#パラリンピック 4日目 ボールマンがすべてじゃない #TOKYO2020
連日車椅子バスケットボールと車椅子ラグビーを観ていて、あることに気がつきました。それは「ボールを持っていない選手の役割が明確であり、ちゃんとチーム内でリスペクトされている」ということです。
車椅子バスケットボールを例に説明させて頂くと、車椅子バスケットボールではポイント制といって、チームで持ち点が決まっています。選手は障がいの度合いによって持ち点が定められており、コート内の選手の持ち点は14点以内にするというルールになっています。障がいの大きな人ほど持ち点が低く、障がいが小さな人ほど持ち点が大きい、ということになります。この持ち点制を上手く活かしながら起用する選手を調整していくのも、車椅子バスケットボールや車椅子ラグビーの醍醐味というわけです。
車いすバスケットボールを観ていると、「ローポインター」と呼ばれる選手がいかに重要な役割を担っているかよく分かります。ボールを持っている選手や、シュートを打つ選手にばかり注目があつまりがちですが、車いすバスケでシュートを打つためには、味方にシュートを打ちやすいスペースを作る必要があります。
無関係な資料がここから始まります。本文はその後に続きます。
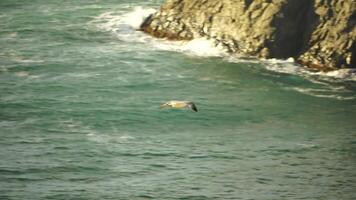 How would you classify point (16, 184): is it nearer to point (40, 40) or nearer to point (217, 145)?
point (217, 145)

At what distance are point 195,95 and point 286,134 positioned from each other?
→ 11004mm

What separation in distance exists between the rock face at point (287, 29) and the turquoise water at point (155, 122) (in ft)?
6.76

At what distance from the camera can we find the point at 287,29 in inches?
3258

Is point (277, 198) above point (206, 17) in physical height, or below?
below

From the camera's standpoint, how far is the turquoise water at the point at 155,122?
5712cm

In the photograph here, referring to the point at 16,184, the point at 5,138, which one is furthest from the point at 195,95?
the point at 16,184

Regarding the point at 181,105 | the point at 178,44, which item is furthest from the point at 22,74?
the point at 181,105

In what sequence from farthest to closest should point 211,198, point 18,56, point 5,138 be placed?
1. point 18,56
2. point 5,138
3. point 211,198

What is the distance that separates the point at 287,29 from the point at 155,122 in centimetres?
2012

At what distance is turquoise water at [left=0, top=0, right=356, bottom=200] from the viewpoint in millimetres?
57125

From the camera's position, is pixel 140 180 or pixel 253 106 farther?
pixel 253 106

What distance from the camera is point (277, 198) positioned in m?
54.9

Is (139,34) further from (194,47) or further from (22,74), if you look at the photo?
(22,74)

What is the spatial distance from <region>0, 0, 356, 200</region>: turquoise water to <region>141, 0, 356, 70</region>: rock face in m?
2.06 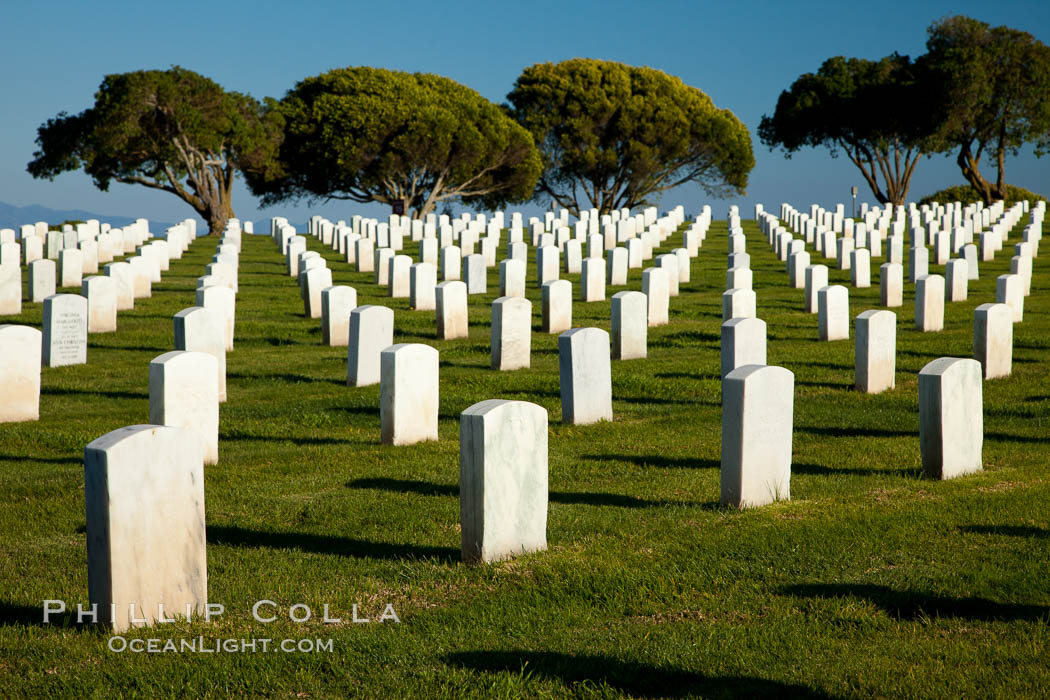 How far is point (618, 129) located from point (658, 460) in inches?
2006

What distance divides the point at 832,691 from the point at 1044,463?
198 inches

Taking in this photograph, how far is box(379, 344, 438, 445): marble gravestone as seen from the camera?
9234 mm

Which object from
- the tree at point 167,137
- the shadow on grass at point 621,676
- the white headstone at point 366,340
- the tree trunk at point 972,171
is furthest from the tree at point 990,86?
the shadow on grass at point 621,676

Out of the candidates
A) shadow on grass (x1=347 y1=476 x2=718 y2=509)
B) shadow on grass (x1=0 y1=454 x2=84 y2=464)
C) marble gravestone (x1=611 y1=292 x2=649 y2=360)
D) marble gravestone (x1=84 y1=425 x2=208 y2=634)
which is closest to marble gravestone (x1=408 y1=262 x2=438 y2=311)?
marble gravestone (x1=611 y1=292 x2=649 y2=360)

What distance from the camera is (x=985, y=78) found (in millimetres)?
51625

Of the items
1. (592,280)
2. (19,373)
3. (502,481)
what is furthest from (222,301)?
(502,481)

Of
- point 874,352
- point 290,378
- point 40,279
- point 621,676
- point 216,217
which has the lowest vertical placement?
point 621,676

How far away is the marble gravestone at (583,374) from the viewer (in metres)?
10.2

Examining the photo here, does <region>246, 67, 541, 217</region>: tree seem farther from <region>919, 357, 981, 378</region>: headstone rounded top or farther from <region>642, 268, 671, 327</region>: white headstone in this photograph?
<region>919, 357, 981, 378</region>: headstone rounded top

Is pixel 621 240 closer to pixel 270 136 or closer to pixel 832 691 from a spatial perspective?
pixel 270 136

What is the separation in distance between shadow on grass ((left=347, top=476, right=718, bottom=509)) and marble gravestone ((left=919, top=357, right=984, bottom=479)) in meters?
1.91

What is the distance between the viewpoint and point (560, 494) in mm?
7625

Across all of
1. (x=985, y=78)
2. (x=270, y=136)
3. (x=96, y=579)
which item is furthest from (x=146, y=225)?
(x=985, y=78)

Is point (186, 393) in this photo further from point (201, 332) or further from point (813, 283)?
point (813, 283) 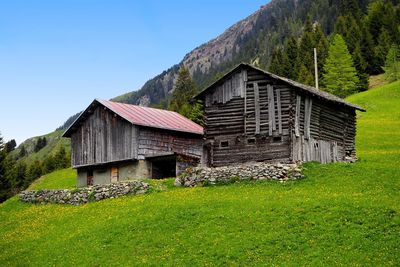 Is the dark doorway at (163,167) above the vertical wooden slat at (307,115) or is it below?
below

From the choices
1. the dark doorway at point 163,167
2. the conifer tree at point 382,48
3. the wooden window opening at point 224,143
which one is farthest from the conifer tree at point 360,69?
the wooden window opening at point 224,143

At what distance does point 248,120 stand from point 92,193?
12998mm

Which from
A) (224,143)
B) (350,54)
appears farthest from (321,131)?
(350,54)

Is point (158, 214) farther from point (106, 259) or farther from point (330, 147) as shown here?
point (330, 147)

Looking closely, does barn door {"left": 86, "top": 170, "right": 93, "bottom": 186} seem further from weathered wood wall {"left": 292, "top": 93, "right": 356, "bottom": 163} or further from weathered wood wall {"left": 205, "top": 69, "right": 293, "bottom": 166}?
weathered wood wall {"left": 292, "top": 93, "right": 356, "bottom": 163}

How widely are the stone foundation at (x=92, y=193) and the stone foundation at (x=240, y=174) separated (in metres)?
3.04

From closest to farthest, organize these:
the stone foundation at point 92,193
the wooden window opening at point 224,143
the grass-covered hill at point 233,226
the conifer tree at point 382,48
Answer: the grass-covered hill at point 233,226, the stone foundation at point 92,193, the wooden window opening at point 224,143, the conifer tree at point 382,48

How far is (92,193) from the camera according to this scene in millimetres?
39656

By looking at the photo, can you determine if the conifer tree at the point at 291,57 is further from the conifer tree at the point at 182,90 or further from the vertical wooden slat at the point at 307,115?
the vertical wooden slat at the point at 307,115

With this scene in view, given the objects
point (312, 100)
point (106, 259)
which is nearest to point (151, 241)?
point (106, 259)

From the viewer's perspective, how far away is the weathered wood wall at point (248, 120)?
131 feet

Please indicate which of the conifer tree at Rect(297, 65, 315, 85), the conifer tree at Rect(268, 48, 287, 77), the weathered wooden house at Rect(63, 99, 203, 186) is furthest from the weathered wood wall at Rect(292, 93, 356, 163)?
the conifer tree at Rect(268, 48, 287, 77)

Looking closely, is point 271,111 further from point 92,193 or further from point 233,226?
point 233,226

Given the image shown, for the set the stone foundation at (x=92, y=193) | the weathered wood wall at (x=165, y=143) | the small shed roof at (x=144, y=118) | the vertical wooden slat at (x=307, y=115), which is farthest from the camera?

そのスペースを作るためにローポインターの選手が車椅子を巧みに操って相手選手をブロックしたり、スクリーンをかけてフリーの選手を作るように工夫しているのです。
バスケットボールはスペースをいかに作って、いかに活用するかというスポーツだと思っているのですが、車椅子バスケットボールでスペースを活用するためにローポインターと呼ばれている選手がどれだけ奮闘しているかが分かって、僕は車椅子バスケットボールが楽しくなりました。車椅子ラグビーも同様です。
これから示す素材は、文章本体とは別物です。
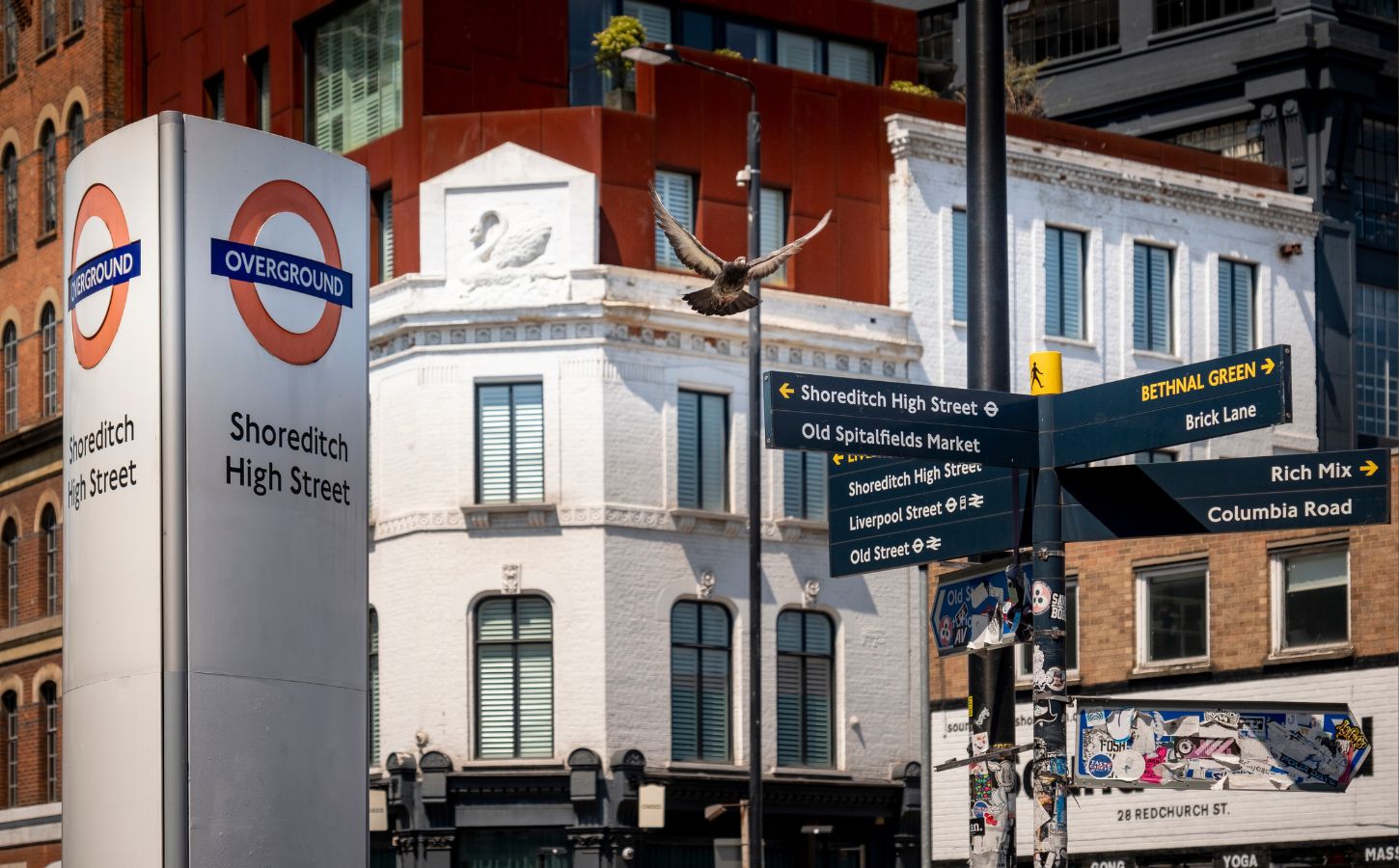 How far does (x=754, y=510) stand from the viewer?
129ft

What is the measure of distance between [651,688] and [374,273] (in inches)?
365

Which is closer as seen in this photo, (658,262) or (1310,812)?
(1310,812)

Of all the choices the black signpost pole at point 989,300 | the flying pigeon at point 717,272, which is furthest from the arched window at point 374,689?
the black signpost pole at point 989,300

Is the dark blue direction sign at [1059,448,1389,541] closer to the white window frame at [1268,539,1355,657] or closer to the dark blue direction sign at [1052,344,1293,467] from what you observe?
the dark blue direction sign at [1052,344,1293,467]

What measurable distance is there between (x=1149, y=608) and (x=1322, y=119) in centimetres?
1605

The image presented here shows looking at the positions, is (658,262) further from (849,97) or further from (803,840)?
(803,840)

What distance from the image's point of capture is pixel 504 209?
1676 inches

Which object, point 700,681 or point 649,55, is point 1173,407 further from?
point 700,681

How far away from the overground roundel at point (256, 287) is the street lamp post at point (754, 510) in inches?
Answer: 686

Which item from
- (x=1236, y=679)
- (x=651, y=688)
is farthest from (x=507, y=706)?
(x=1236, y=679)

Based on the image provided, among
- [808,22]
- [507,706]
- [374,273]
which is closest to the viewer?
[507,706]

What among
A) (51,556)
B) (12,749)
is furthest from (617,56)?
(12,749)

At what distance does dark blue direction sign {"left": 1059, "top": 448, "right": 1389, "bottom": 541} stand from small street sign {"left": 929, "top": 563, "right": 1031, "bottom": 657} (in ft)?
1.92

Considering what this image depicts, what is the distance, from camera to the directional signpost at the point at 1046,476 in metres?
17.3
面白いなと思ったのは、バスケットボールでもラグビーでも、スペースを作るために汗を流すのは大柄な選手の役割なのですが、車椅子バスケットボールや車椅子ラグビーでは小柄なローポインターが担うことが多いこと。こういう似ているようで異なる点をみつけると、よりスポーツ観戦は楽しくなりますし、普段分析しているサッカーに活かせるポイントはないかと考えたりします。
球技を観ているとボールマンの動きにばかり注目してしまいますが、ボールマンがすべてではありません。目立たぬ縁の下の力持ちにも注目です。